John MacDougall/Pool/REUTERS

What does the future of humanitarian aid look like from the vantage point of the UN’s emergency aid chief, Under-Secretary-General for Humanitarian Affairs Martin Griffiths? 

It includes greater political advocacy by humanitarians; a focus on resolving – rather than just responding to – conflicts; and better listening to those people receiving aid. 

What he hopes it won’t include, Griffiths said in a wide-ranging interview with The New Humanitarian’s Rethinking Humanitarianism podcast, is another Briton named to head up the UN’s emergency aid coordination body, OCHA.

Listen to his conversation with Rethinking Humanitarianism host Heba Aly:

He is the fifth Briton in a row to hold the role; and his May 2021 appointment was criticised by some as a lost opportunity to rebalance decades of unequal North-South power dynamics and better represent the people the UN is meant to serve. 

It will take a “generational change”, he noted, for people to “wake up to” the reality that “the world shouldn’t be run by the North, that OCHA shouldn’t be run by someone like me.” 

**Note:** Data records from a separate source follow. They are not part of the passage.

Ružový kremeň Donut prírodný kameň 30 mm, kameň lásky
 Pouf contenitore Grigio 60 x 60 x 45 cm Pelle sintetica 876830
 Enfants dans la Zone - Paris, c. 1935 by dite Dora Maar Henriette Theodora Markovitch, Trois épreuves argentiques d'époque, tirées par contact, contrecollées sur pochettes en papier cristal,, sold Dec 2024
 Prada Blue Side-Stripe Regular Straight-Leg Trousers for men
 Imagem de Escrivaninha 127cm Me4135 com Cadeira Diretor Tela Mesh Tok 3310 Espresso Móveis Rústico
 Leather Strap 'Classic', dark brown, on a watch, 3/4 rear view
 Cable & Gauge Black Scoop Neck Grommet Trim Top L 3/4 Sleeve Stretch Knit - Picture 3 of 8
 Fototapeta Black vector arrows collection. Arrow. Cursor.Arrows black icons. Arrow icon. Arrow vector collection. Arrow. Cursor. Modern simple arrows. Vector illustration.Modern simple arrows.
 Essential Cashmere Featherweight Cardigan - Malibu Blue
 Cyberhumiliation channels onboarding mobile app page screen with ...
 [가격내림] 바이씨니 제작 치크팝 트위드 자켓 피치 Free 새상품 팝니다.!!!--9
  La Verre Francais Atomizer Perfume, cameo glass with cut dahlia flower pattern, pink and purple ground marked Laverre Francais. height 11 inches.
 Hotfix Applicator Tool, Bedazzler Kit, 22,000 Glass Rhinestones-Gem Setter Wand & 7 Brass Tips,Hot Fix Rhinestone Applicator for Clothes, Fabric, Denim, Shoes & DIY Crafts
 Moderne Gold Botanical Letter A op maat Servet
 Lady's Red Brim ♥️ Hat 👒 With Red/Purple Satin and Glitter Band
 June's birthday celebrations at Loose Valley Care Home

According to the Procedure of the UN Security Council, which unofficially collates UN rules, speeches, and documents, it may be the first time an appointee has spoken up against the system of earmarking some key UN leadership posts to certain countries – a tradition that has existed since 1946. 

Griffiths also spoke out against other sensitive issues within the humanitarian sector, such as competition between aid agencies. 

Griffiths began his career in humanitarian response, working for aid agencies like UNICEF, Save the Children, and ActionAid. He has decades of mediation experience, as co-founder of the Centre for Humanitarian Dialogue, which became one of the first organisations to conduct private diplomacy. He has negotiated with warring parties in conflicts around the world, including as an adviser to several UN special envoys for Syria. Most recently, he served as UN special envoy to Yemen, often billed by the UN as home to the world’s worst humanitarian crisis.    

His priorities, he told TNH CEO Heba Aly, include increasing humanitarian access – by being more politically astute, advocating more strongly, and pushing for ceasefires – and making aid delivery more efficient by providing more assistance as cash and localising responses.

“Let’s get access to be smart,” he said. “Let's get advocacy to be focused and targeted.” 

Read More → Can the UN’s new humanitarian chief be a reformer?

He spoke repeatedly about improving accountability to the people affected by crises – addressing recurring cases of sexual expoitation is “an obligation”, he said – but he also saw scope to better listen to what people receiving aid want.

He called for greater representation of local and national organisations on the UN’s humanitarian governing body, the Inter-Agency Standing Committee, or IASC, which, as the head of OCHA, he chairs.

“It should not be a closed circuit; it should be open to new thinking. We have to get national organisations much, much better represented at those levels of leadership.” 

And he urged donors and powerful states to give humanitarians more space to call the shots when negotiating with the Taliban: “I would plead for the professionals in this game – the humanitarian agencies, principally there at country level – to take those things forward.” 

Griffiths said he seeks to develop clearer boundaries on the scope of humanitarian response and avoid “mopping up other bits of business”. 

This, he said, required “fixing” the relationship with the development sector, and for humanitarians to be stronger advocates for conflict resolution and more engaged action by development and financial institutions. 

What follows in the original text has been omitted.